By default, Allegro uses UTF-8 encoded text (U_UTF8). This is a
variable-width format, where characters can occupy anywhere from one to six
bytes. The nice thing about it is that characters ranging from 0-127 are
encoded directly as themselves, so UTF-8 is upwardly compatible with 7 bit
ASCII ("Hello, World!" means the same thing regardless of whether you
interpret it as ASCII or UTF-8 data). Any character values above 128, such
as accented vowels, the UK currency symbol, and Arabic or Chinese
characters, will be encoded as a sequence of two or more bytes, each in the
range 128-255. This means you will never get what looks like a 7 bit ASCII
character as part of the encoding of a different character value, which
makes it very easy to manipulate UTF-8 strings.
There are a few editing programs that understand UTF-8 format text files.

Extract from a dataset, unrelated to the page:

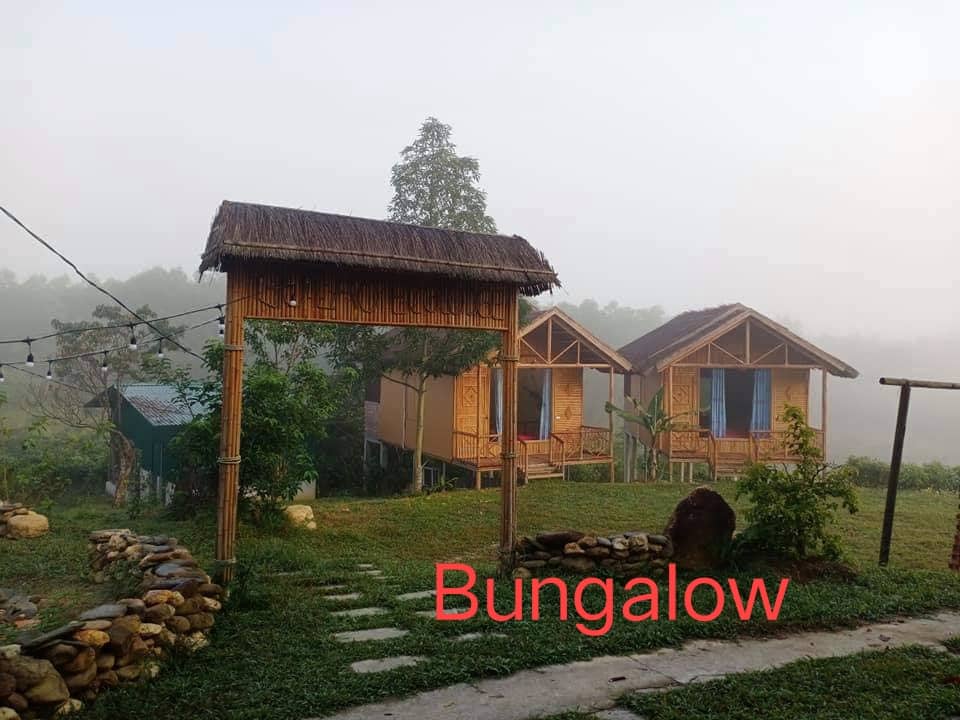 Two rustic bungalows are situated in a serene natural setting, surrounded by lush greenery. A wooden entrance archway leads toward the structures, which feature large windows framed in blue. A stone pathway meanders through the grassy area, enhancing the tranquil ambiance.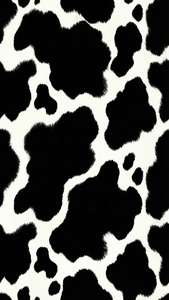 Classic Black White Spots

Alternatively, you can write your strings in plain ASCII or 16 bit Unicode
formats, and then use the Allegro textconv program to convert them into
UTF-8.
If you prefer to use some other text format, you can set Allegro to work
with normal 8 bit ASCII (U_ASCII), or 16 bit Unicode (U_UNICODE) instead, or
you can provide some handler functions to make it support whatever other
text encoding you like (for example it would be easy to add support for 32
bit UCS-4 characters, or the Chinese GB-code format).
There is some limited support for alternative 8 bit codepages, via the
U_ASCII_CP mode. This is very slow, so you shouldn't use it for serious
work, but it can be handy as an easy way to convert text between different
codepages. By default the U_ASCII_CP mode is set up to reduce text to a
clean 7 bit ASCII format, trying to replace any accented vowels with their
simpler equivalents (this is used by the allegro_message() function when it
needs to print an error report onto a text mode DOS screen). If you want to
work with other codepages, you can do this by passing a character mapping
table to the set_ucodepage() function.
Note that you can use the Unicode routines before you call install_allegro()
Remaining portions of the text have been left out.